RECORDED INFORMATION Start Marker

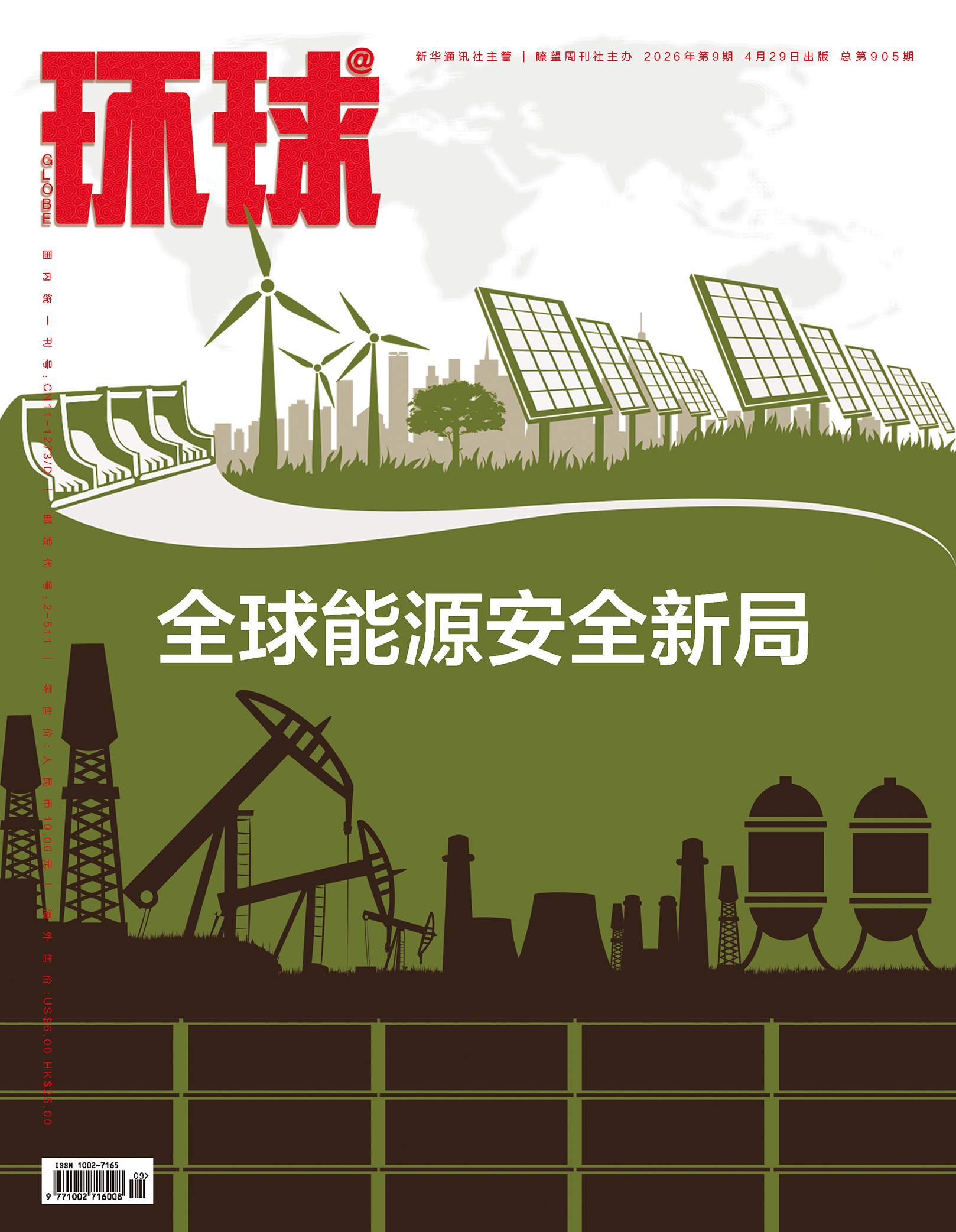 2026年第9期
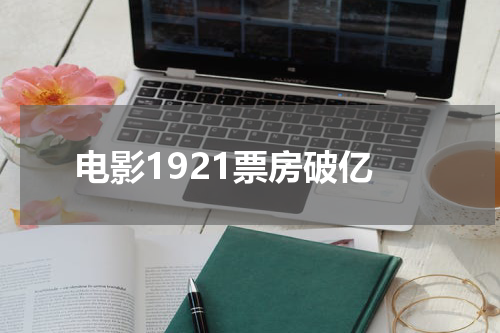 电影1921票房破亿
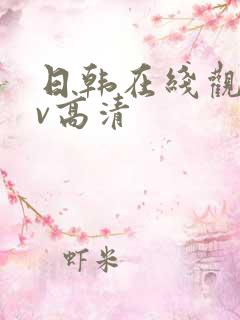 日韩在线观看av高清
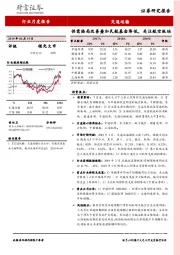 交通运输行业3月报：供需格局改善叠加民航基金降低，关注航空板块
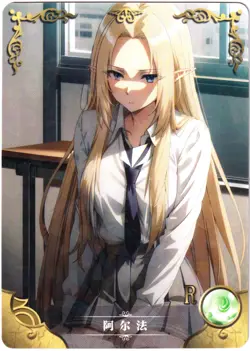 Goddess Story TCG card - Alpha - The Eminence in Shadow - R - NS-11R-13 waifu - Image 1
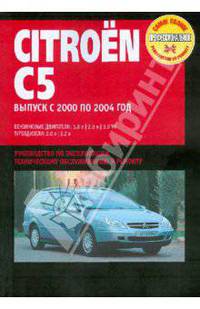 Citroen C5. Руководство по эксплуатации, техническому обслуживанию и ремонту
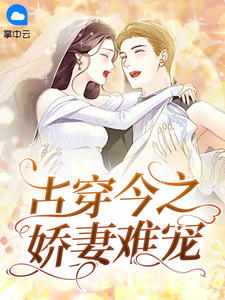 古穿今之娇妻难宠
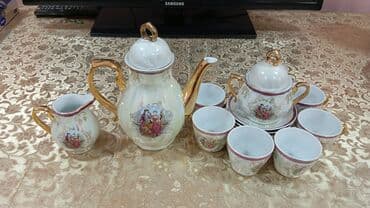 Qəhvə dəsti, rəng - Qızılı — 1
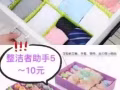 急回國，低價出售，多買多送，海軍部自取，價格可小刀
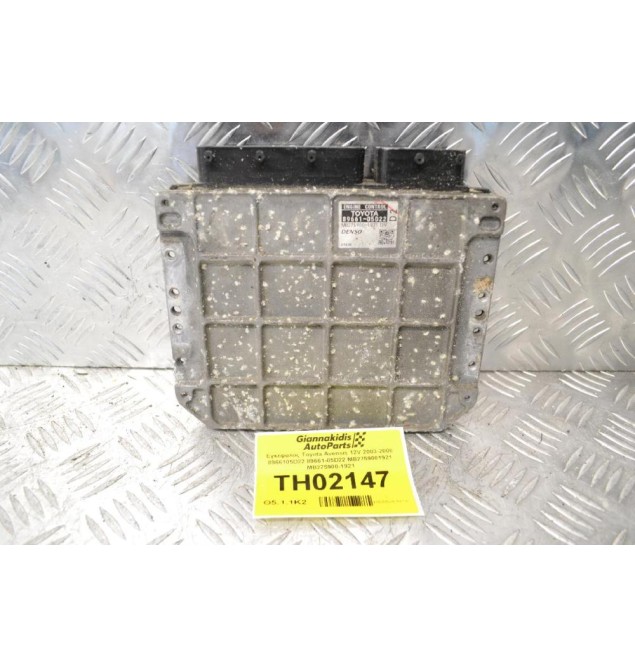 Εγκέφαλος Toyota Avensis 12V 2003-2008 8966105D22 89661-05D22 MB2759001921 MB275900-1921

RECORDED INFORMATION End Marker

TASK:
The answer must reproduce every line of the records above exactly, with all pictures left out.

REPLY TO THE TASK:
 2026年第9期
 电影1921票房破亿
 日韩在线观看av高清
 交通运输行业3月报：供需格局改善叠加民航基金降低，关注航空板块
 Goddess Story TCG card - Alpha - The Eminence in Shadow - R - NS-11R-13 waifu - Image 1
 Citroen C5. Руководство по эксплуатации, техническому обслуживанию и ремонту
 古穿今之娇妻难宠
 Qəhvə dəsti, rəng - Qızılı — 1
 急回國，低價出售，多買多送，海軍部自取，價格可小刀
 Εγκέφαλος Toyota Avensis 12V 2003-2008 8966105D22 89661-05D22 MB2759001921 MB275900-1921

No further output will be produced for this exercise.